Dün akşam, sunumlarımı izlemeye gelen, sonra benimle çalışan, daha sonra da kendine sunum açtıran, tabi ki bu arada benim dostum olan bir canımla “kadınsal” sohbet ediyorduk. Konumuz erkek-kadın ilişkileriydi. Bir yandan ona aşkını ilan eden, diğer yandan ise kaçarak giden, sonra tekrar gelip evlenme teklif eden, peşinden arkadaş olduklarının ilanını veren yani ne olduğu belli olmayan ama bizim kızımızın gönlüne girdiği için “önemli” olan “erkekten” ve etrafımızdaki ilişkilerin tuhaflığından bahsediyorduk.

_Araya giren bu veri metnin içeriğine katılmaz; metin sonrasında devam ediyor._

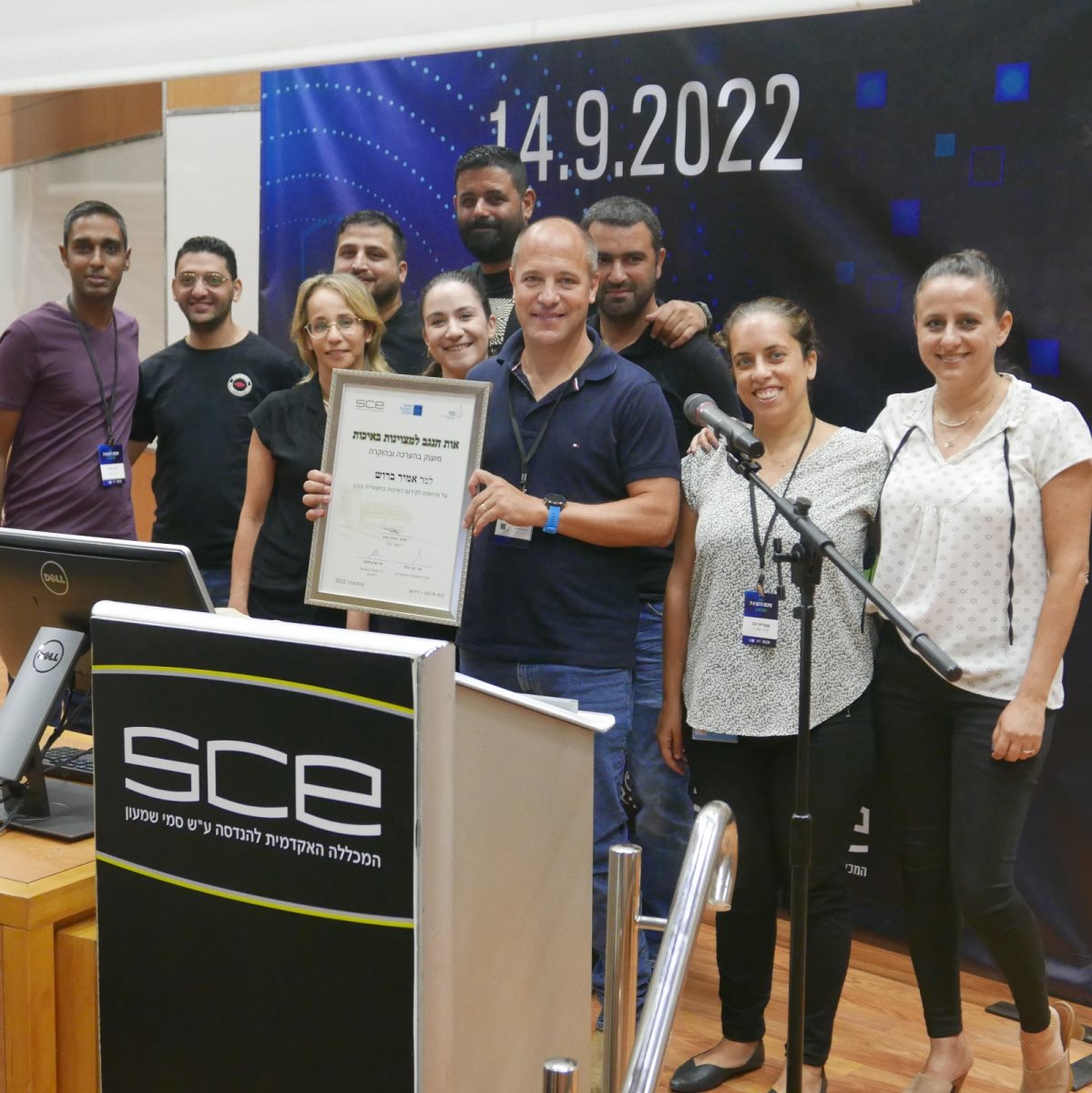 אמיר ברוש עם צוות סודה סטרים. קרדיט - מכללת SCE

Enerji alanlarında dönen dolapları olabildiğince iyi bildiğimizden dolayı, erkeklerin bu dengesizliklerini anlamlandırabiliyoruz ama çözümün sadece enerji alanına müdahaleyle olmadığını da iyi biliyoruz.

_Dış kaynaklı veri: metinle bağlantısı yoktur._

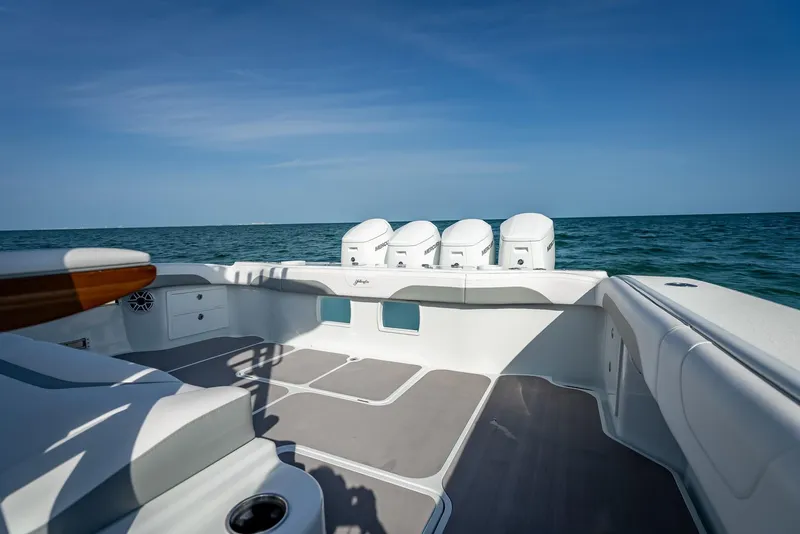 Slide: The Image of Yellowfin 54 Offshore 2023 - 65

Telefon sohbetimizden sonra maillerime baktığımda, bir danışanımdan geribildirim aldığımı gördüm. Geribildirim alınca ne kadar mutlu olduğumu bilirsiniz ama bu geribildirim beni ağlatacak kadar yüreğime dokundu. Özellikle ağır bir dönem geçirdiğim bu günlerde, bana “neden hala bu yolda ilerlediğimi”, bir kez daha hatırlattı.
Danışanımın kızının enerji alanı çok ağırdı. Bazı insanların alanları “devamlı acı çekmelerine neden olacak” kadar ağır olabiliyor ve bu insanlar bu acılarla yaşamaya çalışıyorlar. Tabi ki intihar girişimleri, ağır ilaçlar…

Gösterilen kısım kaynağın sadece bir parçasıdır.